#### [What you have to do]
Repeat every entry exactly as it stands. Omit the images.

[Opening Available data section]

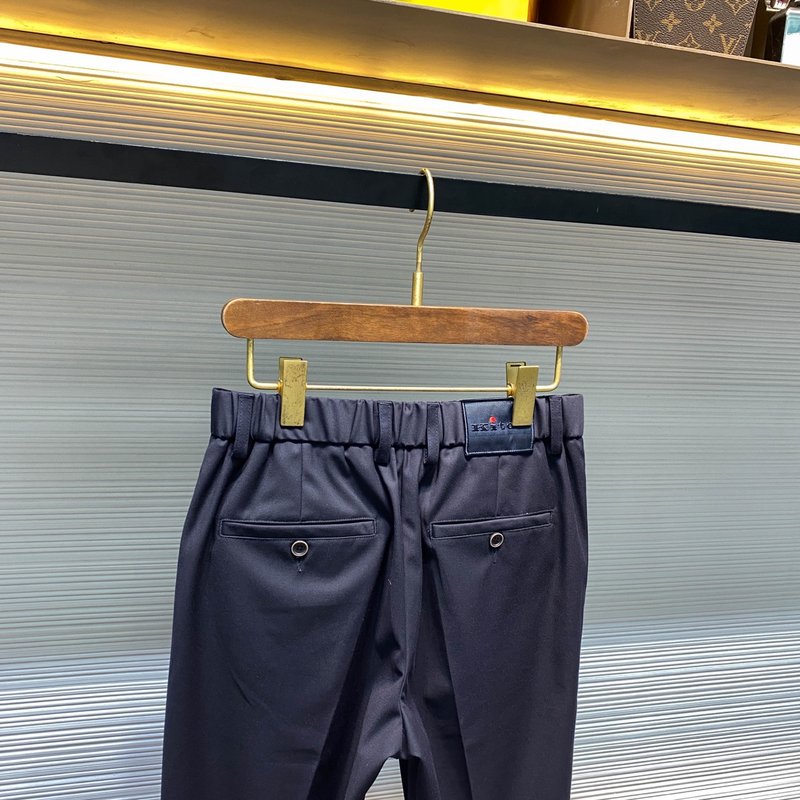 Kiton 남성 네이비 울 혼방 캐주얼 정장 바지 001-216060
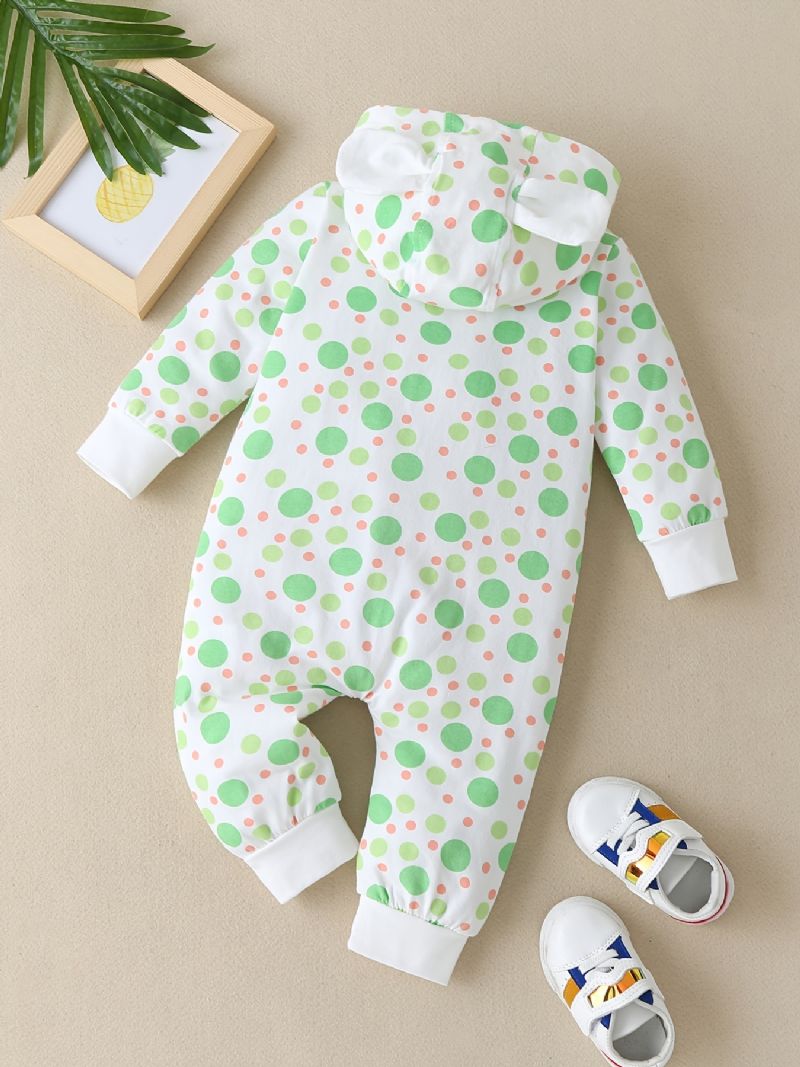 Nyfødt Spedbarn Dyreører Hettebukse Polka Dot Print Langermet Jumpsuit For Baby Gutter Jenter Småbarnsklær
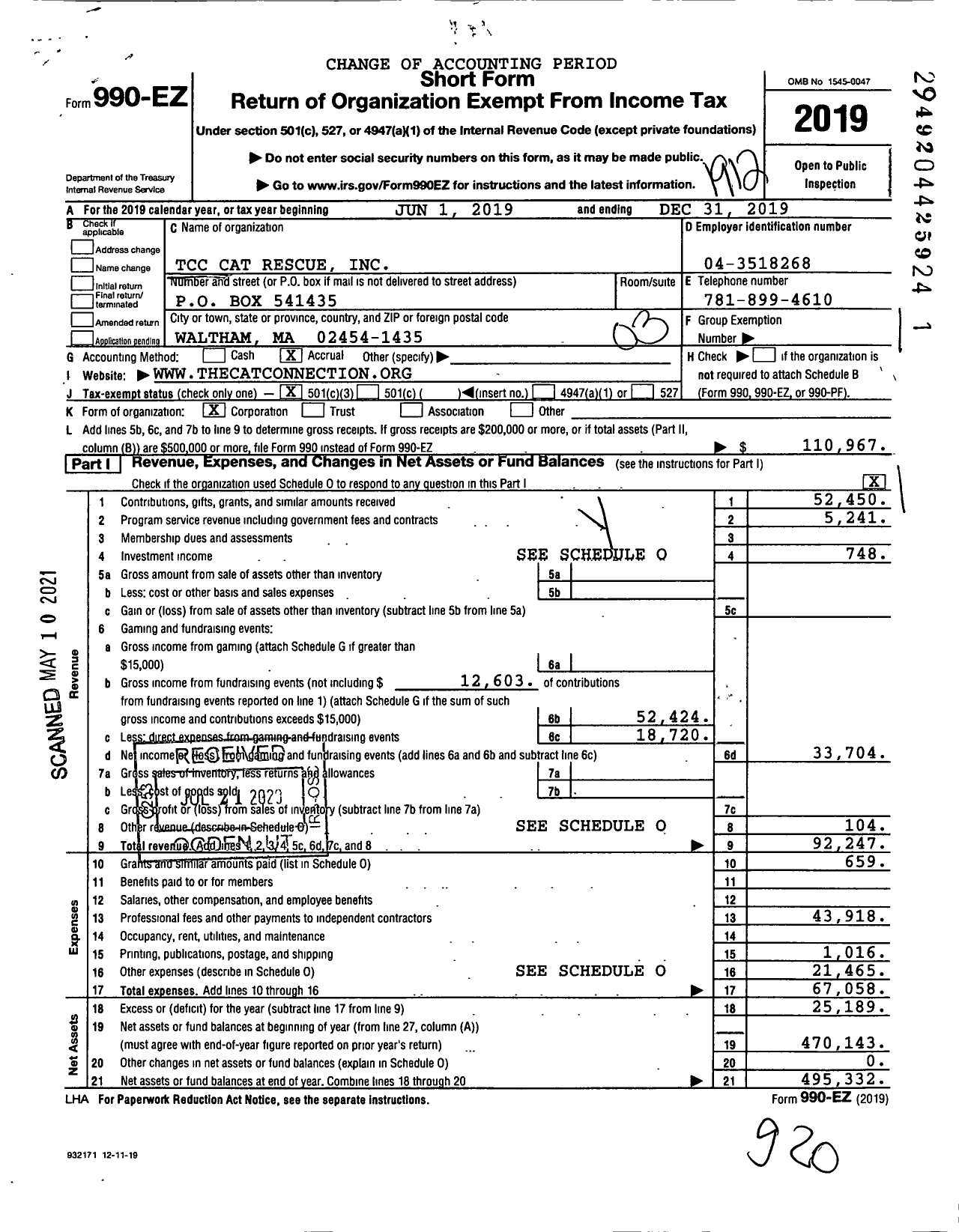 Image of first page of 2019 Form 990EZ for The Cat Connection / TCC Cat Rescue Inc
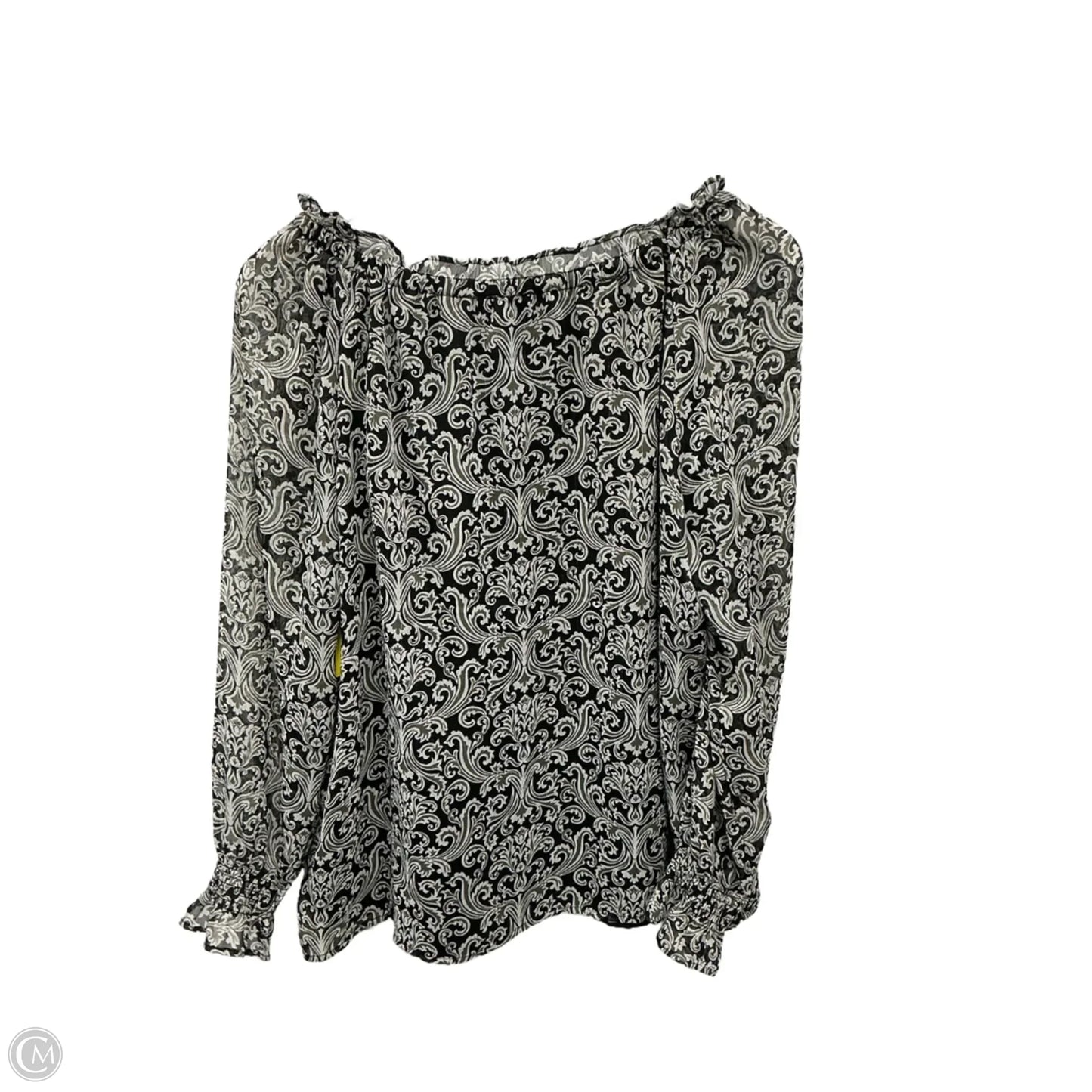 Top Long Sleeve By Talbots In Black & White, Size: Lp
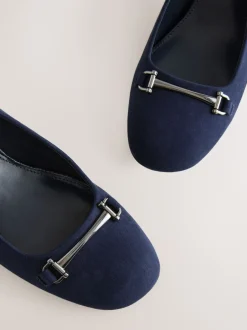 Ruimvallend En Extraruimvallend|Schoenen Met Hakken|Next - Hardware Slingback Block Heels Marineblauw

[Closing Available data section]

#### [Response area]
 Kiton 남성 네이비 울 혼방 캐주얼 정장 바지 001-216060
 Nyfødt Spedbarn Dyreører Hettebukse Polka Dot Print Langermet Jumpsuit For Baby Gutter Jenter Småbarnsklær
 Image of first page of 2019 Form 990EZ for The Cat Connection / TCC Cat Rescue Inc
 Top Long Sleeve By Talbots In Black & White, Size: Lp
 Ruimvallend En Extraruimvallend|Schoenen Met Hakken|Next - Hardware Slingback Block Heels Marineblauw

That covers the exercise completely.